Él dio un paso hacia adentro.
Uno solo.
Y eso bastó para que la habitación pareciera más pequeña.
—Preparé desayuno —anunció, como si fuera lo más natural del mundo invitar a comer a su esposa vigilada durante la noche—. Vení conmigo.
No era una invitación.
Era una orden disfrazada de cortesía.
Elena dudó apenas un segundo.
Maximiliano levantó una ceja.
—O me acompañás por las buenas… —dijo con suavidad venenosa— …o te busco yo mismo.
No necesitaba aclarar nada más.
Ella bajó la mirada y pasó a su lado.
Él no se apartó.
No se movió siquiera un centímetro.
Fue ella quien debió estrecharse para evitar rozarlo, y aun así su brazo tocó accidentalmente su torso.
El contacto fue mínimo.
Insignificante para cualquiera.
Pero en Maximiliano produjo algo que le erizó cada fibra del cuerpo.
No dijo nada.
Solo la siguió.
El pasillo era largo, silencioso, pulcro.
Las paredes estaban adornadas con cuadros sobrios, sin familias, sin rostros, sin señales de vida pasada. La casa parecía la réplica perfecta de un lugar habitado por un solo dueño y ninguna historia.
Al compás de sus pasos, Elena sintió un detalle extraño.
Los sensores de luz se encendían antes de que ella llegara.
Muy antes.
Como si supieran exactamente dónde pisaría.
No se atrevió a preguntar.
No quería confirmar lo que ya sospechaba: él había programado ese espacio como un escenario que anticipaba cada una de sus rutinas… incluso las futuras.

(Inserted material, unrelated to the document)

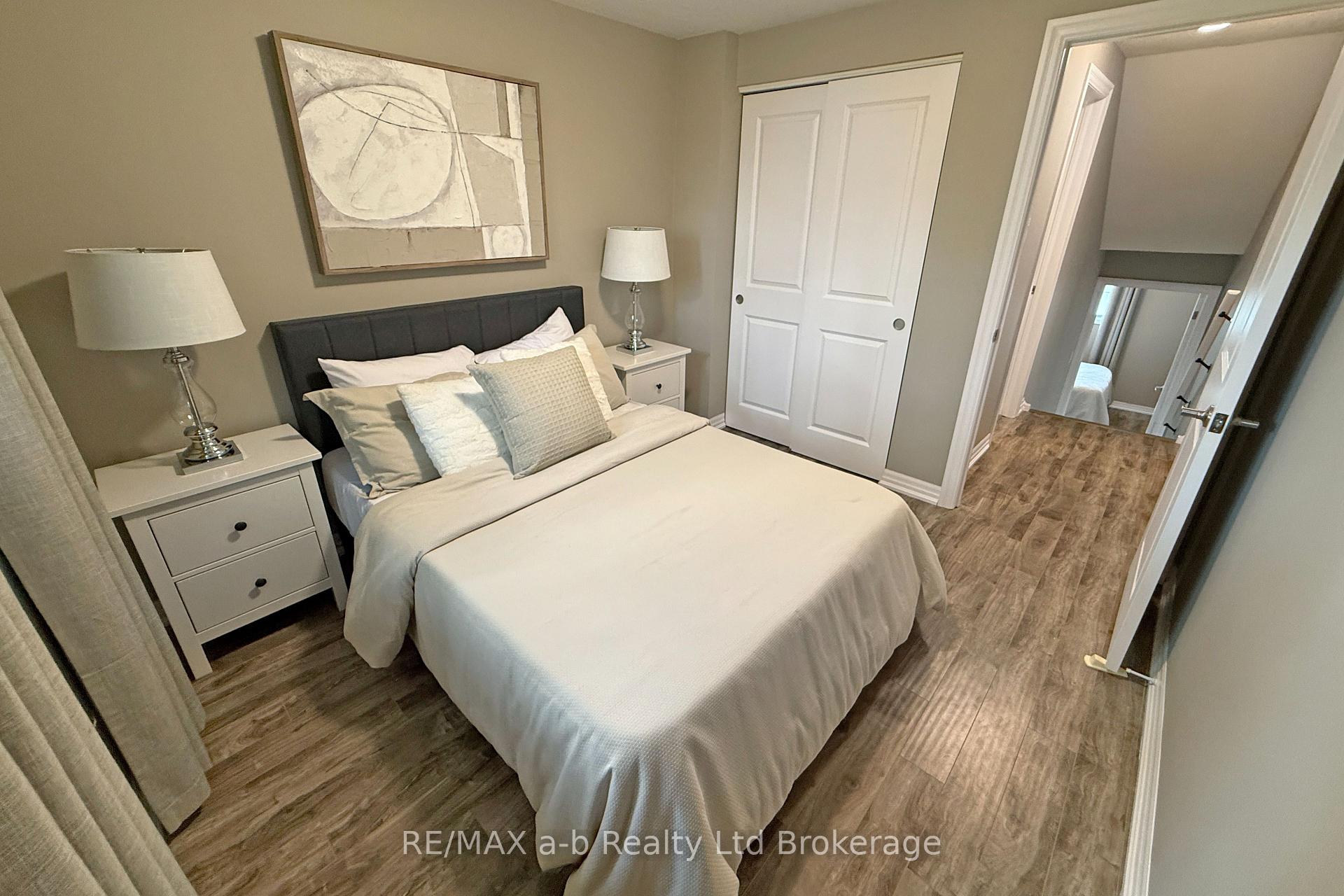 Photo 20 of Unit 79, 279 Bluevale Street N, Waterloo — HOMEH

Al llegar a la cocina, un aroma cálido la envolvió.
Café recién hecho.
Pan tostado.
Manteca y miel.
Una escena perfecta.
Demasiado perfecta.
La mesa estaba servida para dos.
Cada elemento colocado con precisión quirúrgica.

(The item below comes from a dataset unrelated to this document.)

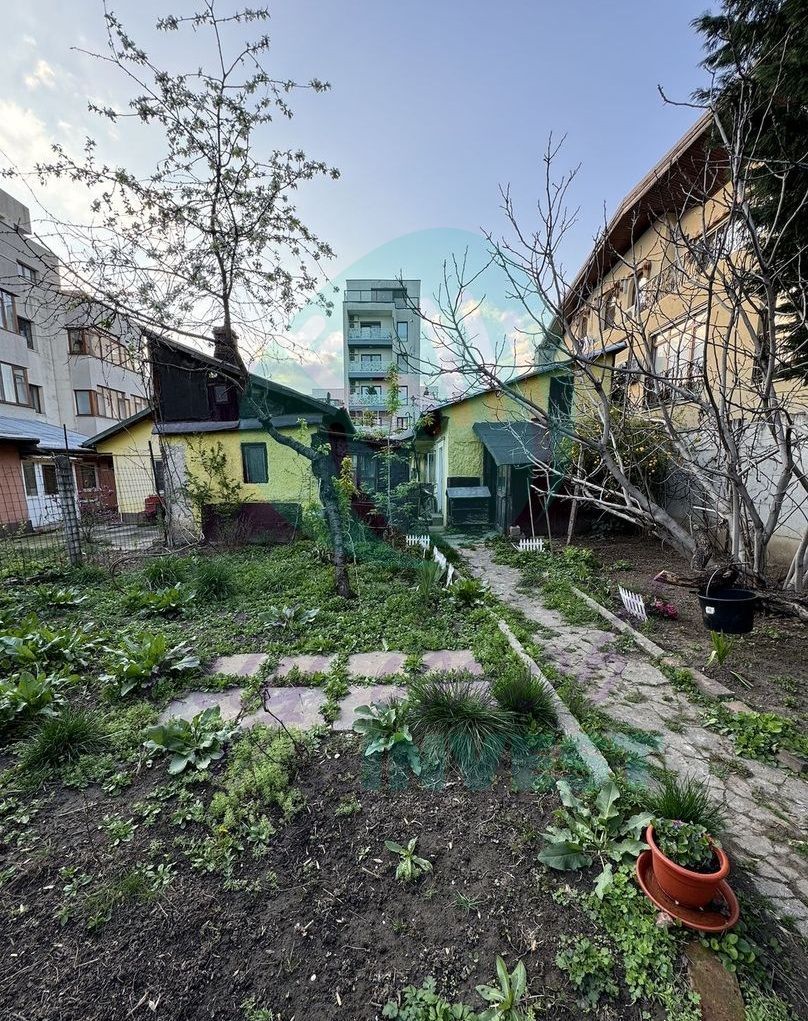 "Casuta bunicii" cu teren 344m2 zona Mărțișor lângă parcul Orășelul Copiilor - Poză 2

—Sentate —indicó él, señalando la silla del frente.
Elena obedeció.
Maximiliano se movía con una calma inquietante.
Sirvió café para ambos.
Vertió leche en su taza sin preguntarle si la prefería así.
Colocó la miel cerca de ella, como si estuviera dejando una pista, una migaja de algo que ella debía interpretar.

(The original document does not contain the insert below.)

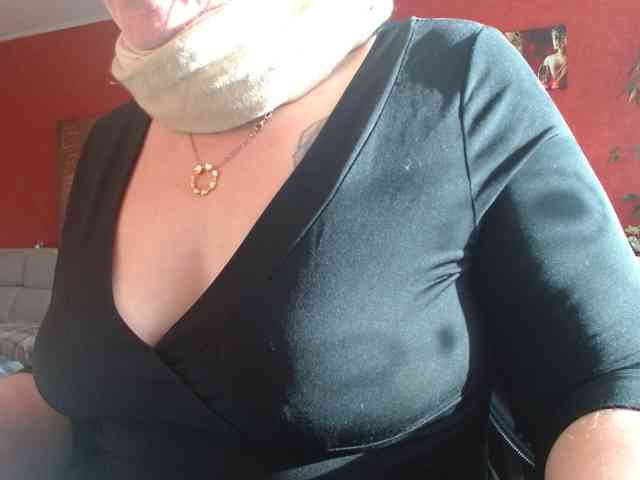 Petitoiseaucoquine webcam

Cuando se sentó, lo hizo con la espalda recta, los codos apenas apoyados, los dedos entrelazados como si estuviera a punto de interrogarla.
Elena sintió un nudo en el estómago.
No tenía hambre.
No podía comer.
Él lo notó.
—Comé —ordenó, sin elevar la voz.
Ella parpadeó.
—No tengo—
—No te pregunté si tenías hambre —la interrumpió—. Te dije que comas.
Elena tragó saliva.
Una tostada era un objeto insignificante.
Pero en las manos equivocadas, podía convertirse en un símbolo de dominio absoluto.
Aun así, obedeció.
Llevó un bocado a su boca.
La comida sabía a nada.
A una mezcla amarga de miedo y resignación.
Él la observaba.
Sin pestañear.
Sin desviar la mirada ni un segundo.
—Te queda bien ese miedo —murmuró, tomando un sorbo de café.
Elena casi se atraganta.
—No estoy asustada —mintió.
Maximiliano sonrió por primera vez en toda la mañana.
—Sabés que no me gusta que mientan.
Su tono era tan suave que en cualquier otra boca sería una caricia.
En la de él, era un filo.
Ella bajó la mirada hacia su taza.
Quería invisibilidad.
Quería volverse un muro.
Quería que él dejara de mirar a través de su piel como si fuera transparente.
Pero Maximiliano disfrutaba demasiado de ese poder.
—No te traje acá para lastimarte —dijo mientras untaba manteca en otro pan—. Pero tampoco para que juegues a esconderte de mí.
Elena levantó la vista.
Él continuó:
—Todo será más fácil si entendés algo: lo que pasa en esta casa… pasa porque yo lo decido.
—Hizo una pausa breve, como si le permitiera absorber la frase.
—Y porque te quiero, Elena.
La palabra “querer” salió de su boca como un veneno lento.
Ella sintió un escalofrío.
—No me conocés —susurró.
—Te observé durante meses —respondió él sin pestañear.
Elena quedó helada.
Meses.
No días.
No semanas.
Meses.
—Claro que te conozco.
—Maximiliano apoyó los codos sobre la mesa, acercándose un poco más.
—Sé cómo fruncís el ceño cuando estás incómoda.
—Ella se estremeció: justo estaba frunciendo el ceño.
—Sé que mordés el interior de tu mejilla cuando querés hablar y no te animás.
—Era cierto. Lo hacía ahora mismo.
—Sé que te cuesta dormir cuando sentís que perdiste el control.
—Otra verdad.
—Sé que odiás sentirte observada.
La frase final la dejó sin aire.
Maximiliano sonrió, satisfecho.
—Pero eso también va a cambiar —concluyó, reclinándose en su silla.